Después nos asombrarían con los deshidratados, el precursor sería, ni más ni menos, que el caldo de pollo, a pesar de que su invento data del siglo XVIII, en Francia, y su producción en masa, por la marca alemana Maggi, fue a partir de 1908, cuando esa fastidiosa mezcolanza que quedaba al cocer cualquier parte del pollo se prensó en forma de cubo, se envolvió en papel encerado y se vendió en las tienditas de la esquina. El futuro llegó y ahora solo agregábamos un cubo de este magnífico invento y, como por arte de magia, los platillos ahora sabían a caldo de pollo, para ese entonces la olla express dio su paso a la fama, a pesar de ser inventada en 1679, por Denis Papin, y tras una presentación fallida en1681, no sería sino hasta 1919 que se otorgaría la primera patente a José Alix Martínez, un español de Zaragoza. Para 1938 el alemán Alfred Vischeler presentó su versión llamada “Flex-Seal Speed Cocker”, en Nueva York, pero no tuvo tanta fama entre las amas de casa como la “Presto” la cual saldría un año más tarde. Finalmente, uno de los avances más importantes se enfoca en la panificación, la cual desde el inicio de las civilizaciones permaneció sin cambios. Los molinos de viento se modernizan a principios del siglo XIX, cuando se emplean máquinas de vapor para la molienda; es a partir de 1925 cuando los hornos cambian el uso de combustible por la aplicación de aire caliente.

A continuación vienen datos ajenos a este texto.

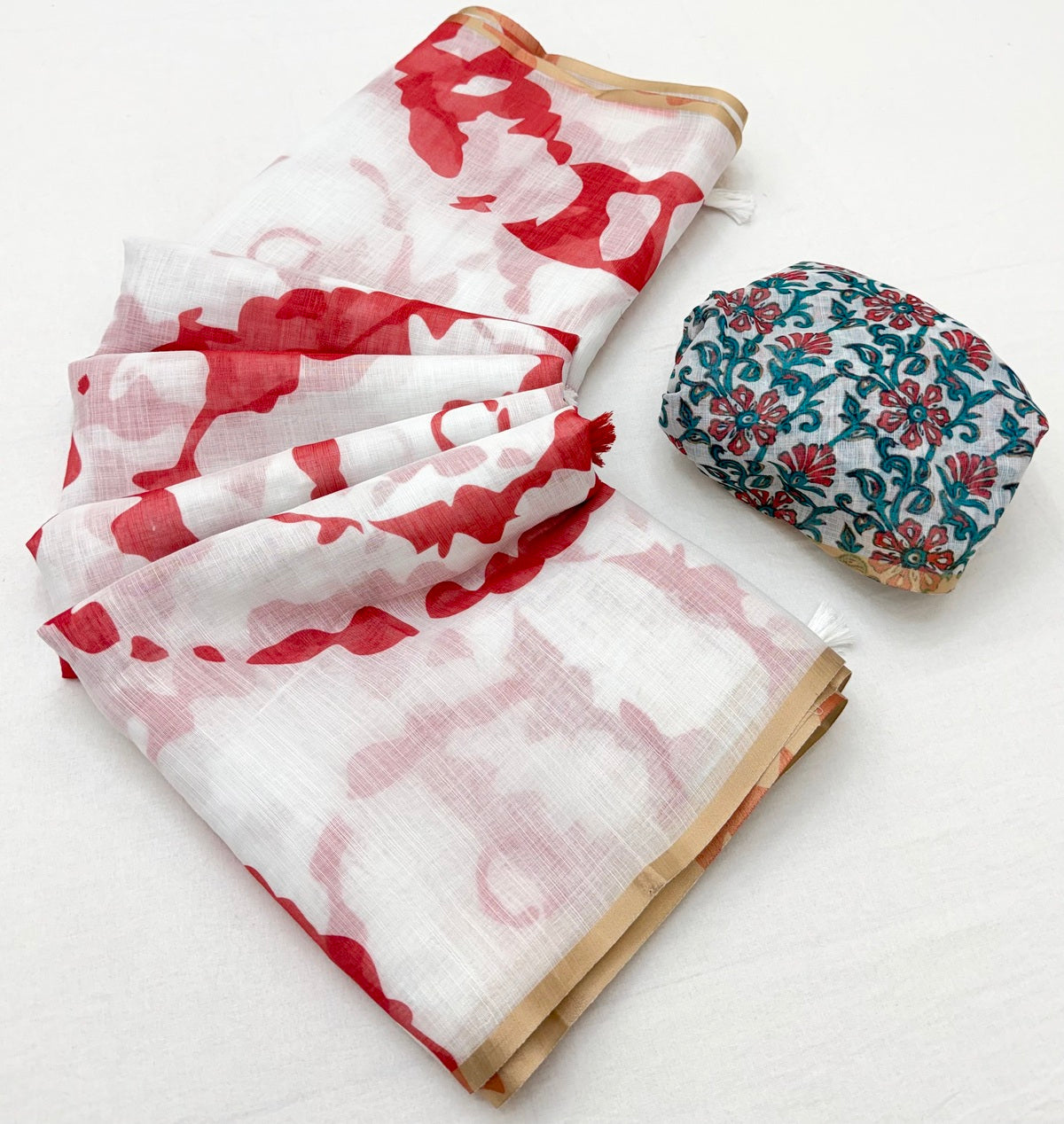 Ethnic Off White Printed Cotton Silk Saree With Demanding Blouse Piece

En la actualidad podemos encontrar sopas deshidratadas, la galletería o papas fritas ahora son empaquetadas en bolsas metalizadas, y que decir de la leche, la cual es embazada en un sistema de varias capas entre las que destacan cuatro capas de polietileno, una de aluminio y una de cartón. Es inimaginable saber qué tipo de alimentos podremos degustar el día de mañana, que soluciones nos darán para poder saciar el hambre, aunque en ocasiones un plato de comida casera no se compara con un trozo de “carne” remojada.